The paper tackled the problem of cross-lingual entity alignment in knowledge graphs by proposing ERAlign, an unsupervised pipeline that uses neighbor triple matching with entity and relation texts, achieving near-perfect alignment accuracy even with noisy features.

Cross-lingual entity alignment (EA) enables the integration of multiple knowledge graphs (KGs) across different languages, providing users with seamless access to diverse and comprehensive knowledge. Existing methods, mostly supervised, face challenges in obtaining labeled entity pairs. To address this, recent studies have shifted towards self-supervised and unsupervised frameworks. Despite their effectiveness, these approaches have limitations: (1) Relation passing: mainly focusing on the entity while neglecting the semantic information of relations, (2) Isomorphic assumption: assuming isomorphism between source and target graphs, which leads to noise and reduced alignment accuracy, and (3) Noise vulnerability: susceptible to noise in the textual features, especially when encountering inconsistent translations or Out-of-Vocabulary (OOV) problems.
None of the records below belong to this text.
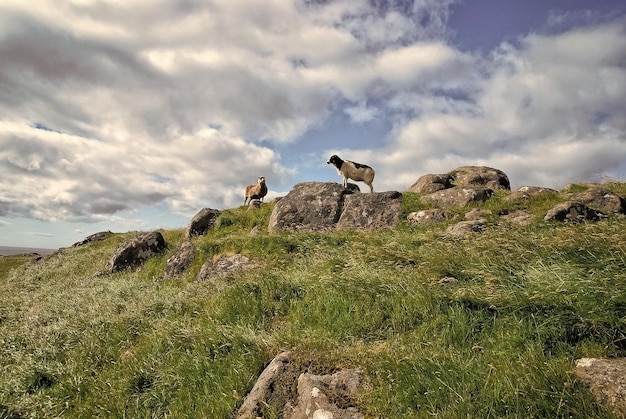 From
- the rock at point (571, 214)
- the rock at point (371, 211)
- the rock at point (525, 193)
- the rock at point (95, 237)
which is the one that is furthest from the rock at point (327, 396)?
the rock at point (95, 237)

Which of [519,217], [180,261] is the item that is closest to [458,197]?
[519,217]

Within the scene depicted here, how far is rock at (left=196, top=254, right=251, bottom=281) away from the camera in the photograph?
52.6 feet

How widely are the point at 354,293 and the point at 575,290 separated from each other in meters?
4.23

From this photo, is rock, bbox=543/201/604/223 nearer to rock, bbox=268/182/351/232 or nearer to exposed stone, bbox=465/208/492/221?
exposed stone, bbox=465/208/492/221

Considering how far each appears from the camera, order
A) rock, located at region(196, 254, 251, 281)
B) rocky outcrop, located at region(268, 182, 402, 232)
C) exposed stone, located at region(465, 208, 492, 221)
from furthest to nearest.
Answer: rocky outcrop, located at region(268, 182, 402, 232), exposed stone, located at region(465, 208, 492, 221), rock, located at region(196, 254, 251, 281)

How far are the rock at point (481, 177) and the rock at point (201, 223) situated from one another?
1940 centimetres

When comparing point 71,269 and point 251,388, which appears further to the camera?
point 71,269

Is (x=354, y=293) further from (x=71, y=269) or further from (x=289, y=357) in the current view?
(x=71, y=269)

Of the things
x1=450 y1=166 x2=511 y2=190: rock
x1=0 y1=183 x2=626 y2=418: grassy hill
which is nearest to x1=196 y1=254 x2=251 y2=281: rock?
x1=0 y1=183 x2=626 y2=418: grassy hill

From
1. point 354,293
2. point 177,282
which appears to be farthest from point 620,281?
point 177,282

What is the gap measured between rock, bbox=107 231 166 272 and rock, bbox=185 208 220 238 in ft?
10.6

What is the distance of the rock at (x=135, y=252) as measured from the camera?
23531 millimetres

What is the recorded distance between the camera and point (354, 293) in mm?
8906

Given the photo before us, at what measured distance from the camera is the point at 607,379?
4.30 m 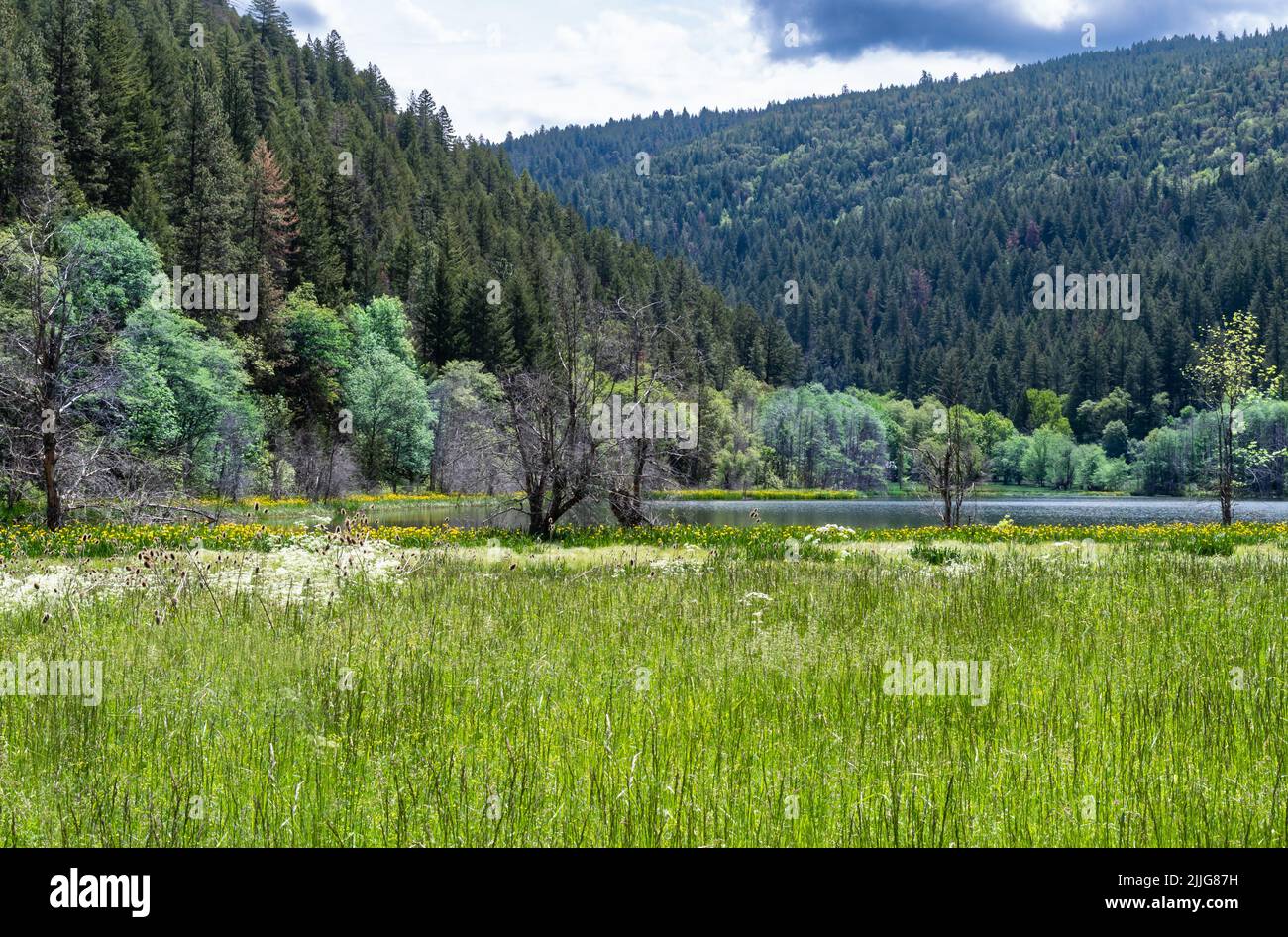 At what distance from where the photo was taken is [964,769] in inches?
191

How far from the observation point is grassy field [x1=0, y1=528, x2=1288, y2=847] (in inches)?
169

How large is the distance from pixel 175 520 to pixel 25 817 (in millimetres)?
23263

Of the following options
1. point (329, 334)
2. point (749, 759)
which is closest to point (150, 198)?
point (329, 334)

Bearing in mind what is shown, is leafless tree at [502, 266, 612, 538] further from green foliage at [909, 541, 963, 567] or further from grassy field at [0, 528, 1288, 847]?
grassy field at [0, 528, 1288, 847]

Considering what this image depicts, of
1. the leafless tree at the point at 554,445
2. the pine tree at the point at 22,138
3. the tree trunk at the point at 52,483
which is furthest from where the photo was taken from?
the pine tree at the point at 22,138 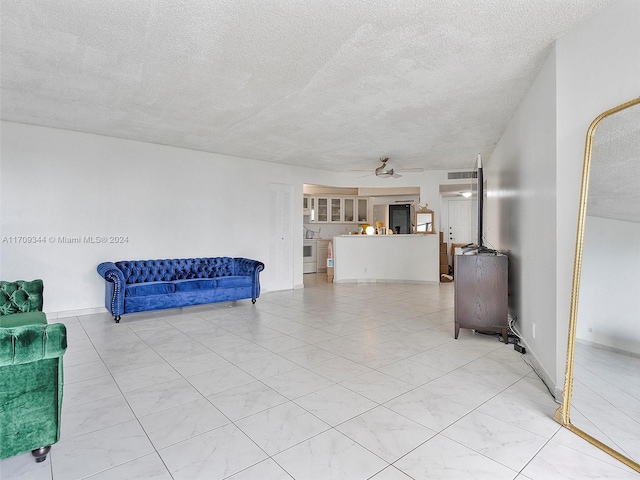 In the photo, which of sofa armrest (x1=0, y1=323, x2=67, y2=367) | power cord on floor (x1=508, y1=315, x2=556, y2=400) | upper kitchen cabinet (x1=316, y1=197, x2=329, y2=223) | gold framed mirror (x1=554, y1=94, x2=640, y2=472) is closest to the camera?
sofa armrest (x1=0, y1=323, x2=67, y2=367)

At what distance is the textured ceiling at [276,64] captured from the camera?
2.34 meters

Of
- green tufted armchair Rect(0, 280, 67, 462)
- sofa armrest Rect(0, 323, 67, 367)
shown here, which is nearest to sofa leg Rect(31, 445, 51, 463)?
green tufted armchair Rect(0, 280, 67, 462)

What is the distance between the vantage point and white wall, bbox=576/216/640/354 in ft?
6.43

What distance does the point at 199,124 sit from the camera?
4.81 m

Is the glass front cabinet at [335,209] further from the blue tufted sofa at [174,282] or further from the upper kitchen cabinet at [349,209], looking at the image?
the blue tufted sofa at [174,282]

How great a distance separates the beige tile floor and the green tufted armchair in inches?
5.6

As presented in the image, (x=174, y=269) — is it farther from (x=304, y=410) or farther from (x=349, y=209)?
(x=349, y=209)

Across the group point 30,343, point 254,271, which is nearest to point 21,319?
point 30,343

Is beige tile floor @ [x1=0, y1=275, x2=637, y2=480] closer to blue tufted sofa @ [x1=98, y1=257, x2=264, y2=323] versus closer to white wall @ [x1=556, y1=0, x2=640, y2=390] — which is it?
blue tufted sofa @ [x1=98, y1=257, x2=264, y2=323]

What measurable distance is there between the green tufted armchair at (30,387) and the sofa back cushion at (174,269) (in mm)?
3595

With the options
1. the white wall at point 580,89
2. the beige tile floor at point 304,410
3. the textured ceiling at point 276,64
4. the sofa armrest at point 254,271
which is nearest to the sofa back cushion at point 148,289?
the beige tile floor at point 304,410

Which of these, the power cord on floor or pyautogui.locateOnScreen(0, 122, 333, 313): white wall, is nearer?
the power cord on floor

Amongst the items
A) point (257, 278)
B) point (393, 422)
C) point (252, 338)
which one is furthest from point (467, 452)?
point (257, 278)

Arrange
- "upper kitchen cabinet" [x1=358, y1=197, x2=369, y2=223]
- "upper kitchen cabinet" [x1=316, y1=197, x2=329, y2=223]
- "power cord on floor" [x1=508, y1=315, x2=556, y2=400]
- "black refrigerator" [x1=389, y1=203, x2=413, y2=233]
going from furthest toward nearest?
1. "upper kitchen cabinet" [x1=358, y1=197, x2=369, y2=223]
2. "upper kitchen cabinet" [x1=316, y1=197, x2=329, y2=223]
3. "black refrigerator" [x1=389, y1=203, x2=413, y2=233]
4. "power cord on floor" [x1=508, y1=315, x2=556, y2=400]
In this paper, we propose ERAlign, an unsupervised and robust cross-lingual EA pipeline that jointly performs Entity-level and Relation-level Alignment by neighbor triple matching strategy using semantic textual features of relations and entities. Its refinement step iteratively enhances results by fusing entity-level and relation-level alignments based on neighbor triple matching. The additional verification step examines the entities' neighbor triples as the linearized text. This Align-then-Verify pipeline rigorously assesses alignment results, achieving near-perfect alignment even in the presence of noisy textual features of entities. Our extensive experiments demonstrate that the robustness and general applicability of ERAlign improved the accuracy and effectiveness of EA tasks, contributing significantly to knowledge-oriented applications.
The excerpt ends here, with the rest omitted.